What to do » Please take the records that follow and repeat exactly the lines starting with the line with "en Argentina, Chile" and going on through the line with "medidas tendientes a".

Input »
☆ ☆ ☆ ☆ ☆
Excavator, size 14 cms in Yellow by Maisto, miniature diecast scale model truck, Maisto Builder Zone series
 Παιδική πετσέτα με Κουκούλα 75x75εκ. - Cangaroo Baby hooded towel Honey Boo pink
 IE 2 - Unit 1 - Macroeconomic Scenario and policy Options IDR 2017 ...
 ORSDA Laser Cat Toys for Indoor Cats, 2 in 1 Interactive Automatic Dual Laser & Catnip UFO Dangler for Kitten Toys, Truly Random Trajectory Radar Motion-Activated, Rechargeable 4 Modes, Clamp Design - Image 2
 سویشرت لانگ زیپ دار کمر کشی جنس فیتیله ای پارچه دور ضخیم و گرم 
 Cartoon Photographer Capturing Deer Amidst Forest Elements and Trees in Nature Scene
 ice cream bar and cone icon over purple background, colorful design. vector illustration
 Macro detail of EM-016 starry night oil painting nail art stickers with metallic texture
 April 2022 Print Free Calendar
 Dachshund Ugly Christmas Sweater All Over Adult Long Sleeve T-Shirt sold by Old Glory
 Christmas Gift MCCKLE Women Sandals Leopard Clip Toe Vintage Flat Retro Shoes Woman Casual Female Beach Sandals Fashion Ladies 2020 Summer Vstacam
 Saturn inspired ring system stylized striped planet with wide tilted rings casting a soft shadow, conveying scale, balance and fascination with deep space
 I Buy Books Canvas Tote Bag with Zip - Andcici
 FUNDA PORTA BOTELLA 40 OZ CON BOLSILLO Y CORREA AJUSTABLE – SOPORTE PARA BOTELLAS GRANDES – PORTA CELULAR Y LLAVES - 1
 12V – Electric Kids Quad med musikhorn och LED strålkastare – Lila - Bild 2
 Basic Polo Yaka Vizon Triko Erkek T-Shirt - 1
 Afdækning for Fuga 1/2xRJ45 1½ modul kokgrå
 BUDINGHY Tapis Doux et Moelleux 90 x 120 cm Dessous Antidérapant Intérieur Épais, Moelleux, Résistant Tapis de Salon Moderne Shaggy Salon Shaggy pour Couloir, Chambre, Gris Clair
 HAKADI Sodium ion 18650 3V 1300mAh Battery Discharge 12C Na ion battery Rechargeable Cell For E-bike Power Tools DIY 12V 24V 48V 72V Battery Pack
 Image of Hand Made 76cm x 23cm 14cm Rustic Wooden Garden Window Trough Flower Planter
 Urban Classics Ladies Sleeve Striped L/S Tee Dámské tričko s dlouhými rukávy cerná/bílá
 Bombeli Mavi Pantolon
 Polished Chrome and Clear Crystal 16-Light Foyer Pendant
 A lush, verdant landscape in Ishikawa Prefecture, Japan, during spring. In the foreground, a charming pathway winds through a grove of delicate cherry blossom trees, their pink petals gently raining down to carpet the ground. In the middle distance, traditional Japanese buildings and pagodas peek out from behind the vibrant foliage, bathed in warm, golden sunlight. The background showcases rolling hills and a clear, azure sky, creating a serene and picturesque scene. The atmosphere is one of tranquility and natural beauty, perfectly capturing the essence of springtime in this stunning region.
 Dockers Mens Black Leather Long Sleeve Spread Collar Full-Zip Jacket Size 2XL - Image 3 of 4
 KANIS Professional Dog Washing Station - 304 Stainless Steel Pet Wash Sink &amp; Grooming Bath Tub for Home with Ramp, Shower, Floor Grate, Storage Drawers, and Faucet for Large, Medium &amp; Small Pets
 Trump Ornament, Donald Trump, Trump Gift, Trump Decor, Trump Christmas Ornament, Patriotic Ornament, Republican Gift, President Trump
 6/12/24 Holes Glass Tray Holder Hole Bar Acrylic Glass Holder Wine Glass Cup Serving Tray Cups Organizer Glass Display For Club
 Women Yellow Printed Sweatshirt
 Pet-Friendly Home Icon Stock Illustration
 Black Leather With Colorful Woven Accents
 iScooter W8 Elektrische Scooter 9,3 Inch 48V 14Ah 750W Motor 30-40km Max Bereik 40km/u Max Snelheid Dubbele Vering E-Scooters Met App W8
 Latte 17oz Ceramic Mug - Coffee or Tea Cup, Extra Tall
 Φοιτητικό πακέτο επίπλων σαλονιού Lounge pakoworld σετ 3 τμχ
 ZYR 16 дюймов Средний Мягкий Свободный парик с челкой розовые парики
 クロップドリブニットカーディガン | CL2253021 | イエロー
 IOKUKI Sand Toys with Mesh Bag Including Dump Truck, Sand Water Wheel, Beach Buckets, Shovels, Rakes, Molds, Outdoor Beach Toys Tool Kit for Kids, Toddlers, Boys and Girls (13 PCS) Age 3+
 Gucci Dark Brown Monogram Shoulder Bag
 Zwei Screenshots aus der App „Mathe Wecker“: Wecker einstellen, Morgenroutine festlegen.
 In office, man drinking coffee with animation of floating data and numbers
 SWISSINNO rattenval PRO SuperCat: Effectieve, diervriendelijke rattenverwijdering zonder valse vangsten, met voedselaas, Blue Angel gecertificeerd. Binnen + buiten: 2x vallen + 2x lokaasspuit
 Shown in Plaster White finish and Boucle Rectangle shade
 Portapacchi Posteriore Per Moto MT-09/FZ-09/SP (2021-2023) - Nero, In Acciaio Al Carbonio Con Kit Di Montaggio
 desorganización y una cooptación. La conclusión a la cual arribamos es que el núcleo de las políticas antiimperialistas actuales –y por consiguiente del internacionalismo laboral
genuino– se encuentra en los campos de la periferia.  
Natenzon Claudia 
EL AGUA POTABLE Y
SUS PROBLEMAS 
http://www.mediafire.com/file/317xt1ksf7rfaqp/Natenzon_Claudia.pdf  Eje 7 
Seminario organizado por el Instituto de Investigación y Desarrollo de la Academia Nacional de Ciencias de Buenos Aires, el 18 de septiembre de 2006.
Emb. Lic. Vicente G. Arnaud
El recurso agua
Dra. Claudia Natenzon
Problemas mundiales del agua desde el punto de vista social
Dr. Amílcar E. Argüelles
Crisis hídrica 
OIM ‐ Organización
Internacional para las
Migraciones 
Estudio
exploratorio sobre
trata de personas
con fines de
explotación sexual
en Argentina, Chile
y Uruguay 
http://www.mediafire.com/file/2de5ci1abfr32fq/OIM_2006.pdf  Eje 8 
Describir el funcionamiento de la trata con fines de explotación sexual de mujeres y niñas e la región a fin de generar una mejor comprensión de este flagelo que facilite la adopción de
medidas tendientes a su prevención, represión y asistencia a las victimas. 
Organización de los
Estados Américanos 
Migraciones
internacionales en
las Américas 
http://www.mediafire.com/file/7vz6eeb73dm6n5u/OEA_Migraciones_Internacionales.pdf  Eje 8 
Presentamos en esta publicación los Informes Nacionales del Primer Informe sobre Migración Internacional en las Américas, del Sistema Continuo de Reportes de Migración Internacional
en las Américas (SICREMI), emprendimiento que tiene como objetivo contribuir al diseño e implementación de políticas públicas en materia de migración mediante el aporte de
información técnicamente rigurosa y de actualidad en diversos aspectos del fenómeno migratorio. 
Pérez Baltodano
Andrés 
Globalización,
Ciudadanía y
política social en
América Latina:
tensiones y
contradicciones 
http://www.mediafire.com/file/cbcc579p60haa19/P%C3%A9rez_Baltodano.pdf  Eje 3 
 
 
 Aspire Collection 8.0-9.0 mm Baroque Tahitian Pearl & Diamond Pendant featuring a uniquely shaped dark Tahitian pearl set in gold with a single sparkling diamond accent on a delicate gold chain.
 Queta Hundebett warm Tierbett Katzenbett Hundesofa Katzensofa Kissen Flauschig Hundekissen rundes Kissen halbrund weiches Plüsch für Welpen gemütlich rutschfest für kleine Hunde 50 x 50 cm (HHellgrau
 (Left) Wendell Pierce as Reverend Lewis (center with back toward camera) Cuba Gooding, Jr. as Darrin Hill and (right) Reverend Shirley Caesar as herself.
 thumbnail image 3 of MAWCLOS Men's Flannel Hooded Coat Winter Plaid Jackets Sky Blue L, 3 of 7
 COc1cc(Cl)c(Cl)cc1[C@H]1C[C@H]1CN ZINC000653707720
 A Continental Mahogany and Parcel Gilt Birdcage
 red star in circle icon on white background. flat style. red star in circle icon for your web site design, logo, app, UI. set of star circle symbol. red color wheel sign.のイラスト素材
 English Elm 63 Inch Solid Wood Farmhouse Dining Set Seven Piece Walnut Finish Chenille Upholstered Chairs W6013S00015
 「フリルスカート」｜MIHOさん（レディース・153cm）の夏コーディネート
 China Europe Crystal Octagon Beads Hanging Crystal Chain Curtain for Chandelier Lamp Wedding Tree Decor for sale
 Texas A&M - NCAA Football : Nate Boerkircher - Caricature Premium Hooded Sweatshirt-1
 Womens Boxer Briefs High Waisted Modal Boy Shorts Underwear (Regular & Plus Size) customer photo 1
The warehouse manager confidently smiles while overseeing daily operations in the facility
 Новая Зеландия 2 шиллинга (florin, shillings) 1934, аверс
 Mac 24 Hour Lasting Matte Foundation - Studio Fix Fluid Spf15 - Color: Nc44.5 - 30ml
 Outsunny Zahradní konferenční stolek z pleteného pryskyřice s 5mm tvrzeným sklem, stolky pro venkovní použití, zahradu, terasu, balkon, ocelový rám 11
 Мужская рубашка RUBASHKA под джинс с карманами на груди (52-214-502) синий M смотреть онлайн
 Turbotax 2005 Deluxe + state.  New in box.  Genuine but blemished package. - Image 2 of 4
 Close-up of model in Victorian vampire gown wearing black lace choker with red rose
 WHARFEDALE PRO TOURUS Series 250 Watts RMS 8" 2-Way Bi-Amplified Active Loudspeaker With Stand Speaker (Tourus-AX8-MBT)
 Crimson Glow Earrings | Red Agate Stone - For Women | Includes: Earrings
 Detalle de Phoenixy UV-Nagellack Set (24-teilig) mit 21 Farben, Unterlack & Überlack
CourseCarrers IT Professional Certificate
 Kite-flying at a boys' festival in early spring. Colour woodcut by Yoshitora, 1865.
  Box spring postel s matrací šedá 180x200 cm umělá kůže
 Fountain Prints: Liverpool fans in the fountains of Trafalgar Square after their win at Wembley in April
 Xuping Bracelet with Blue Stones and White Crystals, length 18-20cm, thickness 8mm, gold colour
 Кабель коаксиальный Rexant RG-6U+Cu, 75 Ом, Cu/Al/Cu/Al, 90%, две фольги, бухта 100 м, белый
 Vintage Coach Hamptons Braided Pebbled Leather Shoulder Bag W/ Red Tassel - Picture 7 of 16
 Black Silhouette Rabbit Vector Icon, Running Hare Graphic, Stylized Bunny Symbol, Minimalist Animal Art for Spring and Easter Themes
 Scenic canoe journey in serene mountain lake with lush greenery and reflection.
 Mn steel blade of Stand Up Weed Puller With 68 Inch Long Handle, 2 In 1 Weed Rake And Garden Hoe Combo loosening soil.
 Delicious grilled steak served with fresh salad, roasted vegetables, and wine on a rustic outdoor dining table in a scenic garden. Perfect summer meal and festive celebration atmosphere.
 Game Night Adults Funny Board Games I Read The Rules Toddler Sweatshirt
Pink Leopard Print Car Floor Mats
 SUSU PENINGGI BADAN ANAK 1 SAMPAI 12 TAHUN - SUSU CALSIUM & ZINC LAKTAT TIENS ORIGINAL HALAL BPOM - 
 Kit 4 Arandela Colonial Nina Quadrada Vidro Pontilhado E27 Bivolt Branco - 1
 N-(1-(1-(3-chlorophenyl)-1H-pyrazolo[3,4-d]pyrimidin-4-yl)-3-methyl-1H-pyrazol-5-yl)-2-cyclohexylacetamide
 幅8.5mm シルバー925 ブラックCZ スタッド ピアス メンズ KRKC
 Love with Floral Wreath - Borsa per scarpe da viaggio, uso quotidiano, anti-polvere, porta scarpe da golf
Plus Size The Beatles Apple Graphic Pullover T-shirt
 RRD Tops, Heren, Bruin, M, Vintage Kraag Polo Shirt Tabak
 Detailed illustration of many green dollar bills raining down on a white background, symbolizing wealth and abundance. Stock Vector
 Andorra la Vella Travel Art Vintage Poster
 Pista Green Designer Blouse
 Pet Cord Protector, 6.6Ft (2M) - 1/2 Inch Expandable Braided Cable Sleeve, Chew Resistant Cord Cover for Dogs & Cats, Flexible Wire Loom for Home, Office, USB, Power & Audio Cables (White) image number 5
☆ ☆ ☆ ☆ ☆
Exercise result »
en Argentina, Chile
y Uruguay 
http://www.mediafire.com/file/2de5ci1abfr32fq/OIM_2006.pdf  Eje 8 
Describir el funcionamiento de la trata con fines de explotación sexual de mujeres y niñas e la región a fin de generar una mejor comprensión de este flagelo que facilite la adopción de
medidas tendientes a su prevención, represión y asistencia a las victimas. 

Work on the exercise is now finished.